When my phone rang, I was happy to see it was my husband.
But less excited when he asked the following…
“I’m on my way home. Do you want to go for a bike ride?”
If you’ve read my “Confessions” section, I’m sure you’re aware of my intense aversion to exercise. A distaste that may one day get me kicked out of Boulder County. However, I do surprise myself from time to time, and pull a new trick or two out of my…self. It’s been six months since I’ve exercised. Not really all that long.

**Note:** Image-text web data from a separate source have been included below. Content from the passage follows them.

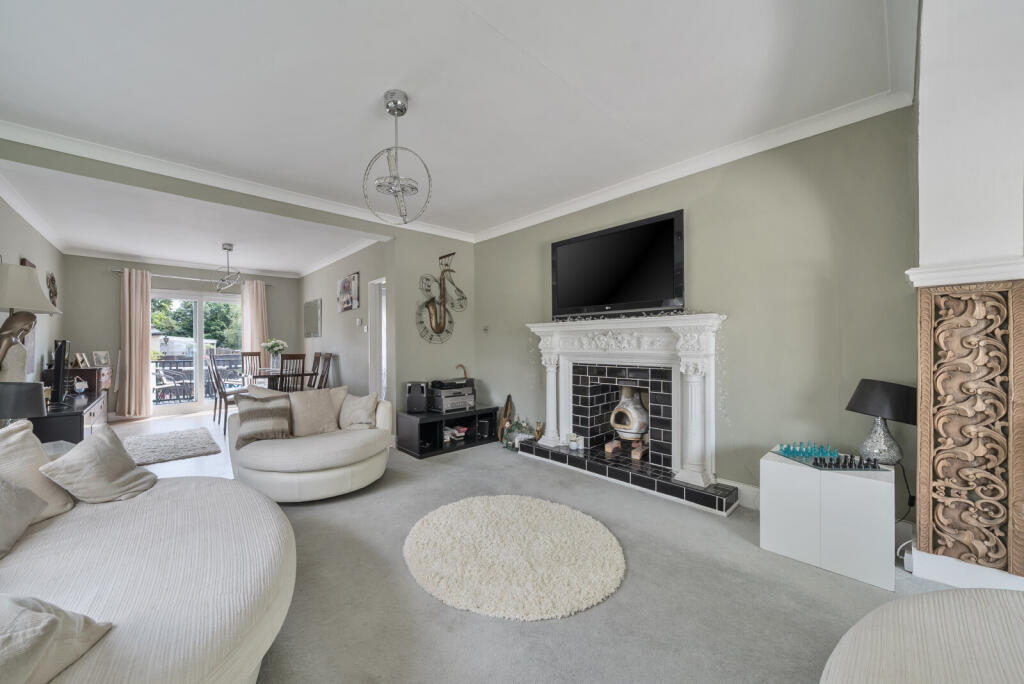 1302278-9-683b184...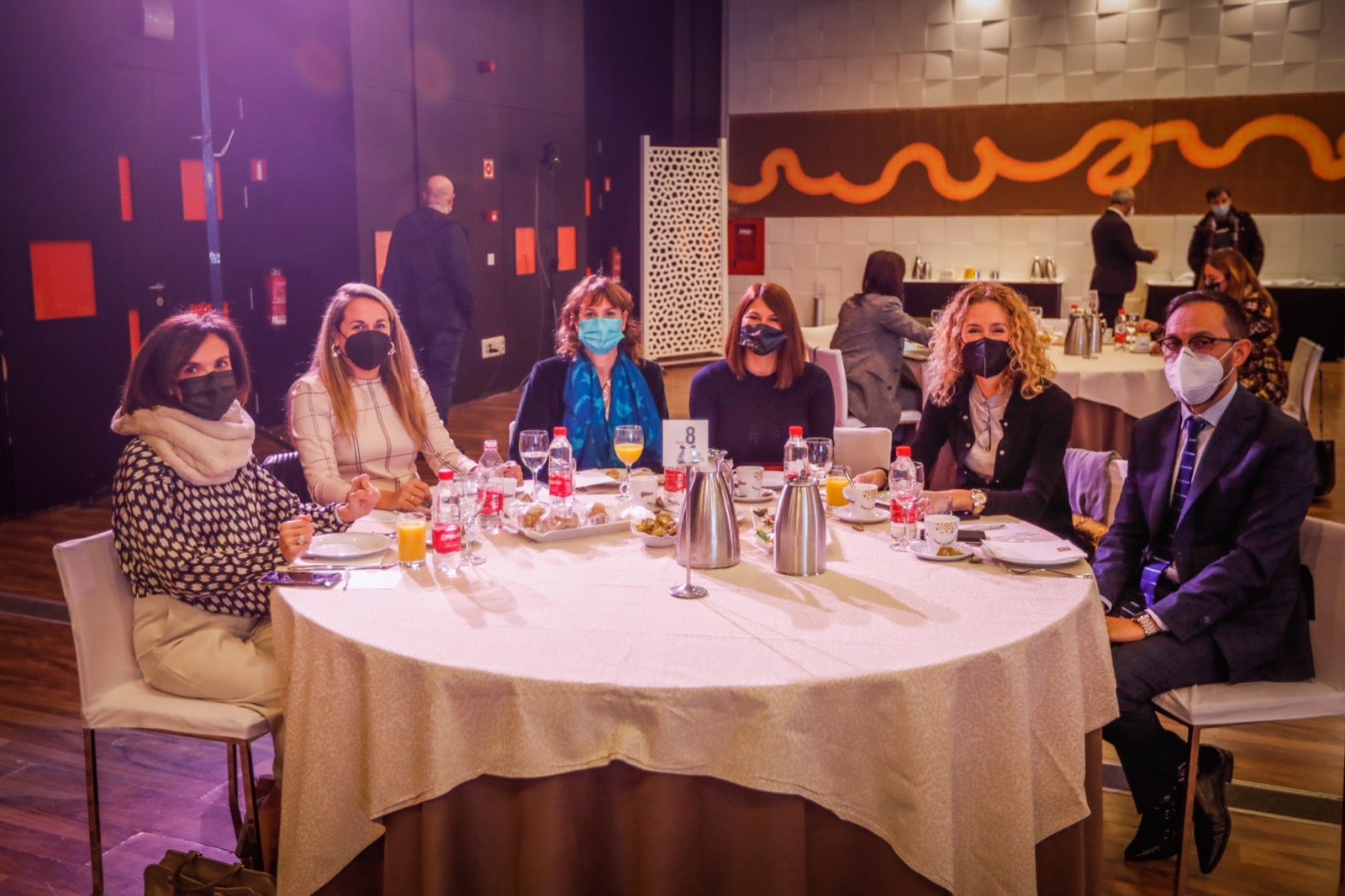 La consejera de Agricultura ha abordado este viernes los retos del sector agrícola en Granada y Andalucía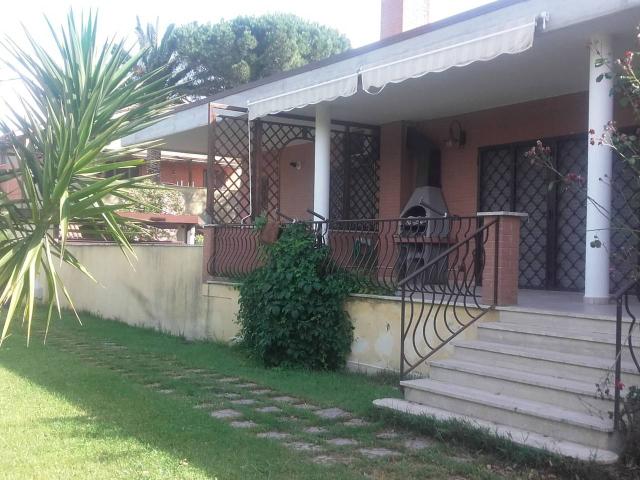 Villa Schiera in affitto a Municipio Roma X, Roma Capitale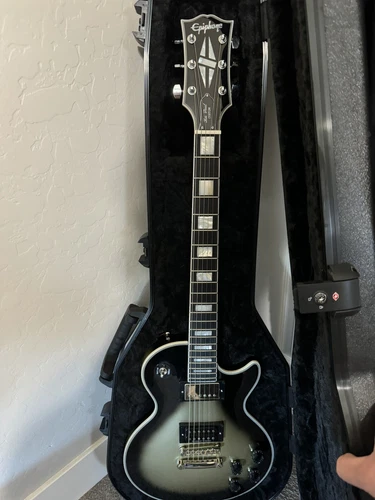 Epiphone Adam Jones 1979 Les Paul Custom Antique Silverburst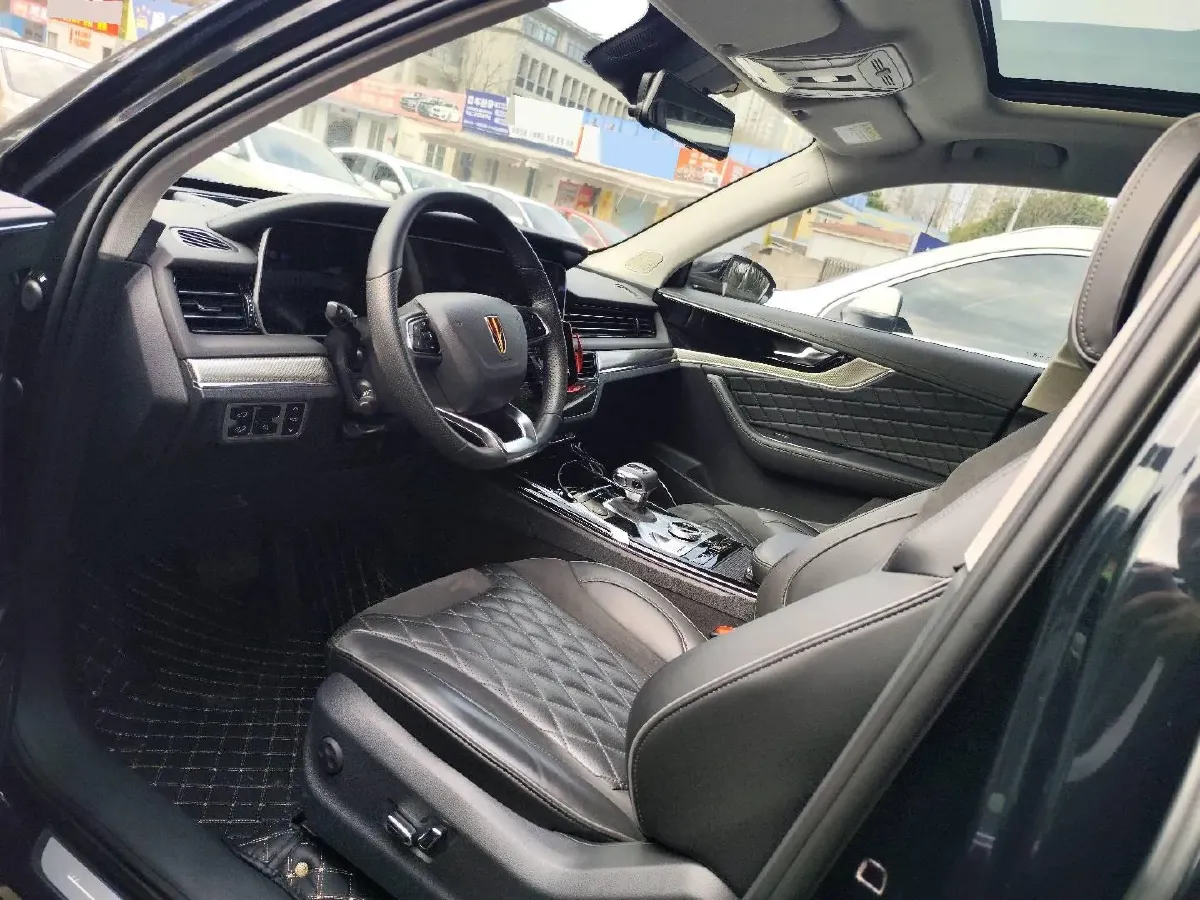 2019 HongQi HS5 2.0T 224HP L4 6AT,autocango,china used car exporter,china ev exporter,chinese used car exporter,chinese used ev exporter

I can usually come up with a good-sounding excuse to get me out of a bicycle ride with my husband Alex, the pedal freak. But today I was feeling generous. So when he asked me to go on a short ride with him, I decided to suck it up and jump right into a quick irrational commitment for a change. Maybe because I know it’s something he really wants to share with me; the joy he gets from feeling the fresh mountain breeze on his face as he pedals through nature on new-found trails. Something we Detroit gals don’t easily relate to. Or maybe it’s because I just plain feel bad when I see him content with the bikes we bought together 25 years ago, his all jacked up from overuse and mine abandoned in the basement, in mint condition.
Yeah, it was both of those reasons and maybe even more, like feeling guilty that I wasn’t the athlete he thought I was when he married me, those same 25 years ago. Starting off our marriage with two new bikes, we had both looked forward to forming a deep connection, pedaling thousands of miles together through rocky terrain, all the while picking bugs out of our teeth. He knew it would happen. I hoped it would.
The guilt was bringing me to tears. Well, close. But why did he have to be such a damned addict? Why couldn’t he just be reasonable and ride the bike for pleasure, like to the coffee shop or around town, waving to the neighbors and smiling at barking dogs? Why did he have to ruin the concept of what bicycling is supposed to be?
He was still on the other end of the line, headed home from the acupuncturist, waiting for an answer on this beautiful Saturday morning.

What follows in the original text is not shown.